Implementing Burt Beckwith’s GORM Performance – No Collections

Posted on February 7, 2011. Filed under: grails |

No More GORM/Hibernate Collections?

Mr. Burt Beckwith http://burtbeckwith.com/ gave a talk on improving GORM performance in Grails. His presentation is available at http://www.infoq.com/presentations/GORM-Performance.

A point of his was to not use collections on your domain objects because the collections may need to be fully loaded from the database before objects can be added.

I decided to use it on one of my work projects. This project has 18 domain classes. I ran into a few problems, scratched my head for a few hours, then I was able to fix them. It took about 1/2 day to update the project from a “hasMany/belongsTo” style to a no collection style. Here is a very-simplified domain that uses a typical gorm one-to-many cascading relationship.

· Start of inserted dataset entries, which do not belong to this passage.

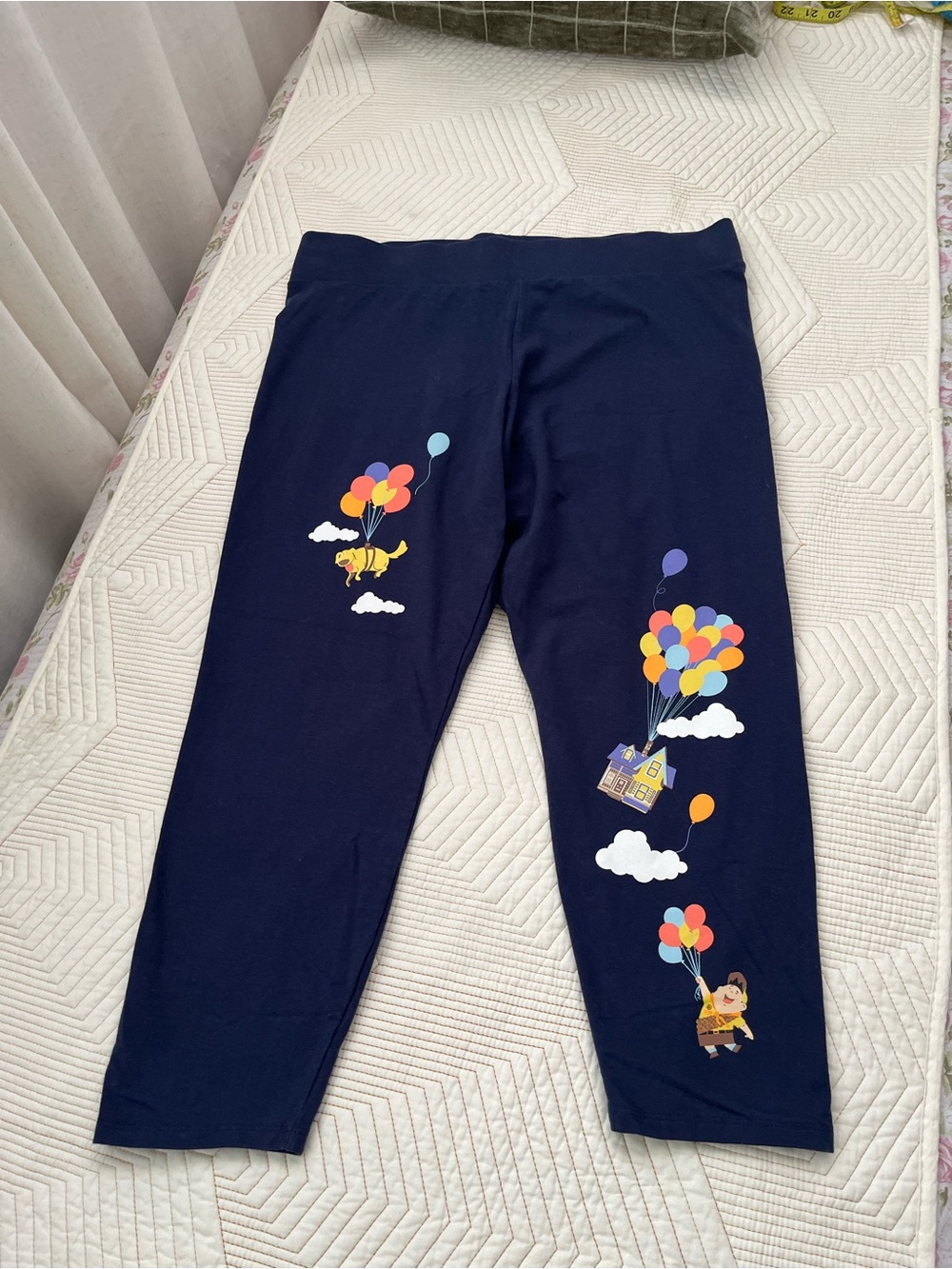 woman Disney print  Navy blue capri leggings SZ-L-XL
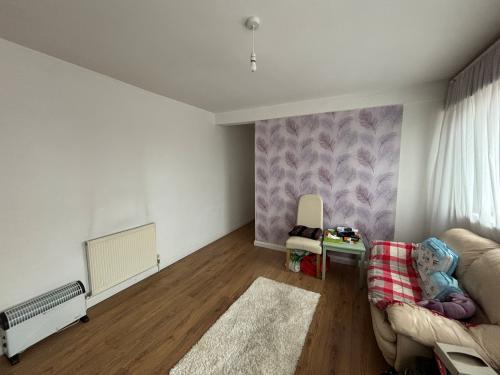 12 Fullhurst Avenue, Leicester, LE3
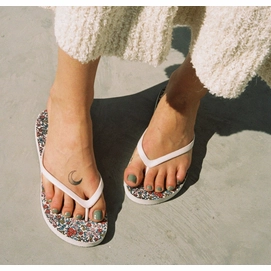 4---Sleeperswomensslimflowernaturalrubberfairtradeflipflop2_4d064708-a9aa-4aec-a084-3bb215466124_1512x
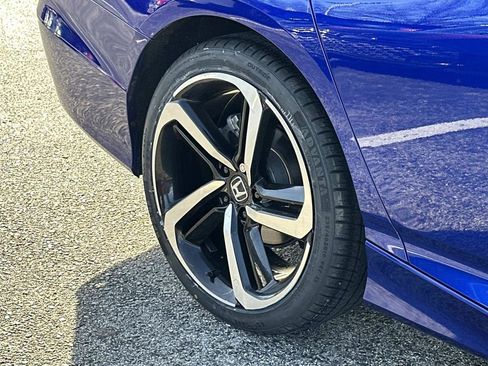 Used 2022 Honda Accord Sport image 30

Sample Shopping Cart Application

Lets start with sample code of a Shopping Cart. We have a Cart object that contains many Item objects.

Typical GORM Relationship

grails-app\domain\shopping\Cart.groovy

package shopping

class Cart {

	String name

	static hasMany = [ items : Item ]

	static mapping = {
		sort "name"
		items sort:"name"
	}

    static constraints = {
    	name nullable:false, blank:false, unique:true
    }

    String toString() {
    	"Cart $name"
    }
}

grails-app\domain\shopping\Item.groovy

package shopping

class Item {

	String name
	Integer quantity

	static belongsTo = [ cart : Cart ]

	static mapping = {
		sort "name"
	}

    static constraints = {
    	name nullable:false, blank:false, unique:['cart']
    	quantity nullable:false
    }

    String toString() {
    	"$quantity $name"
    }
}

grails-app\conf\BootStrap.groovy

import shopping.*

class BootStrap {

    def init = { servletContext ->
    
    	def cart = new Cart(name:"alpha").save()
    	cart.addToItems new Item(name:"apples", quantity:10)
    	cart.addToItems new Item(name:"milk", quantity:2)
    	cart.addToItems new Item(name:"bread", quantity:3)
    	cart.save()
    }

    def destroy = {
    }
}

Removing hasMany and belongsTo

Now, following Burt’s advice, we remove the belongsTo and hasMany relationship, and embed a the parent object in the child.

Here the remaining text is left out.